The Zimbabwean authorities must honour the promise they made to investigate “all the leads to establish the whereabouts” of disappeared pro-democracy activist and journalist, Itai Dzamara, Amnesty International said today on the third anniversary of his enforced disappearance.

President Emmerson Mnangagwa made the commitment at the Human Rights Council in Geneva in 2016 while he was Vice President.

“As Vice President, Emmerson Mnangagwa personally announced on behalf of the Zimbabwe government that they are actively investigating the disappearance of Itai Dzamara. Yet three months since his inauguration as President, we are all still in the dark,” said Deprose Muchena, Amnesty International’s Regional Director for Southern Africa.

“Dzamara’s family and the world, need to know that no stone is being left unturned in the pursuit of justice for Itai.”

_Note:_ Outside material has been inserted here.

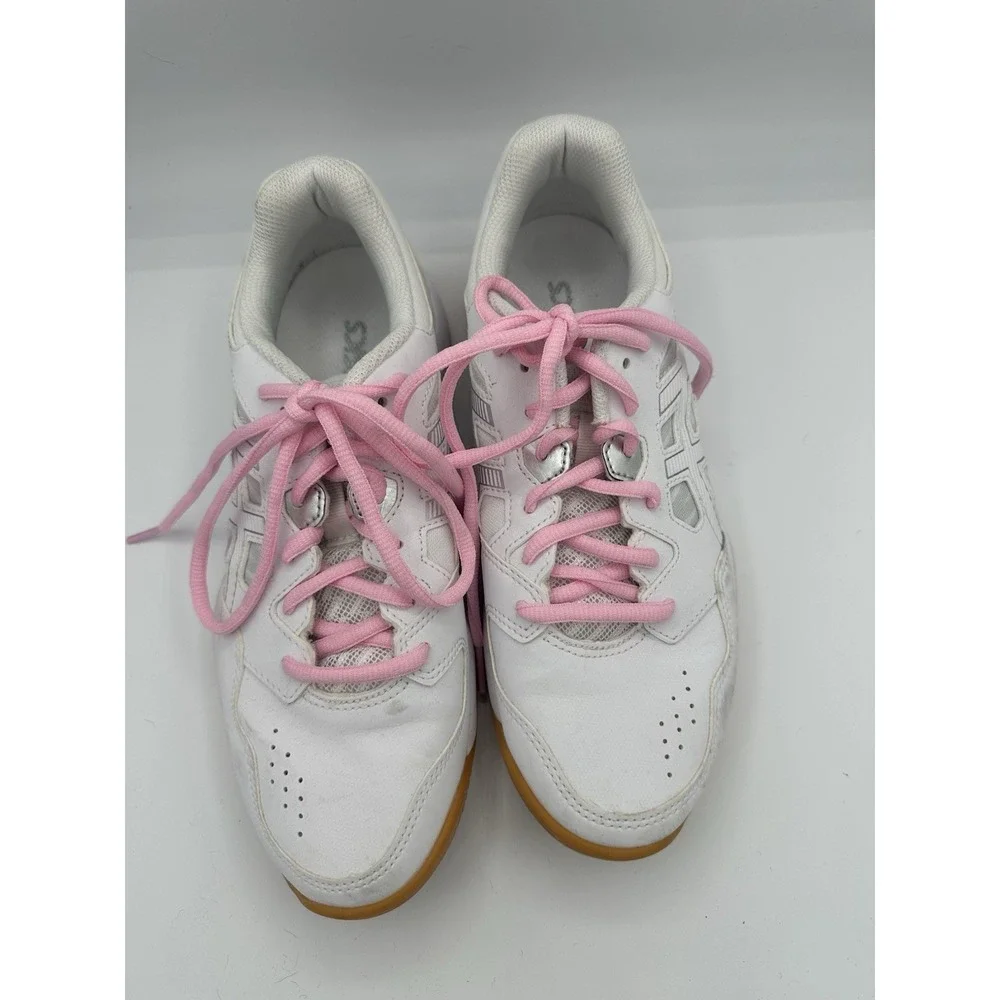 ASICS Sneakers Women's Size 8.5 US / 6.5 UK Gel-Renma White/Pure - PINK Laces‎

Itai Dzamara was a well-known critic of former president Robert Mugabe’s government. He publicly called for Mugabe to resign for what he said was his failure to manage the country’s failing economy.

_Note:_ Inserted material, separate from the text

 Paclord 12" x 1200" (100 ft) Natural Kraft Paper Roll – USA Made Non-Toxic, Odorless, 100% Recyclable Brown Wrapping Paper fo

He was abducted on 9 March 2015 by five unidentified men while he was at a barber shop in the Glen View suburb of Harare. On Saturday 7 March, before his abduction, he had addressed a rally in the capital Harare where he called for mass action to address the deteriorating economic conditions in Zimbabwe.

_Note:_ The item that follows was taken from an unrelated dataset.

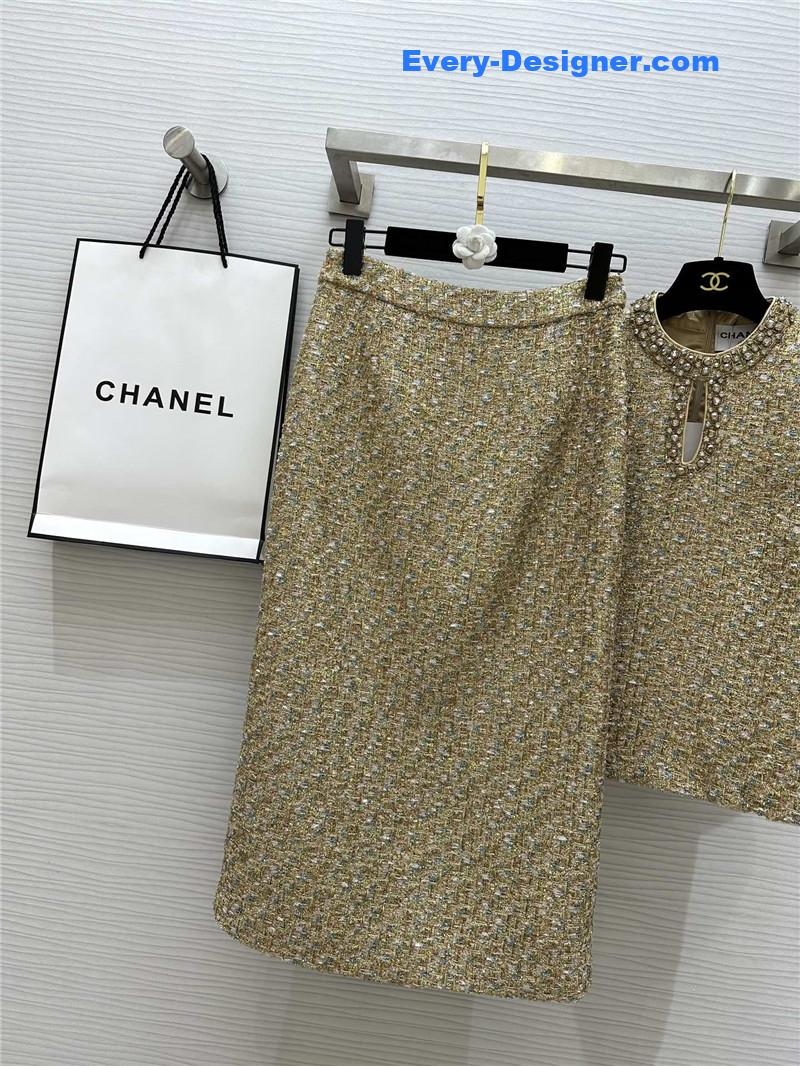 Ch**el tweed suit cheap replica designer clothes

Witnesses say that his abductors handcuffed him and forced him into a white truck with concealed number plates before driving off.

Dzamara was well-known to the authorities and had previously been abducted, unlawfully detained and severely beaten by state security agents. Amnesty International believes he is a victim of enforced disappearance.

Zimbabwe has a long history of enforced disappearances of government critics and activists. In 2008, dozens of opposition and human rights activists were forcibly disappeared for weeks in a crackdown. The state repeatedly denied its involvement, but many activists were later found in state custody, while the fate and whereabouts of others remain unknown. “People don’t just vanish into thin air. Someone out there knows what happened to Itai Dzamara,” said Deprose Muchena.

“The government must scale up Itai’s search. Those who are found to have been behind his abduction and concealment of his whereabouts must be brought to justice in proceedings that meet fair trial standards. Impunity must not be allowed to thrive.”

BACKGROUND

President Mnangagwa was Vice President when he told the United Nations Universal Periodic Review (UPR) in Geneva in 2016 that the government was actively pursuing the search for Itai. However, the government has failed to give regular updates on the search efforts for the missing activist, despite a court order issued in 2016 instructing it to do so.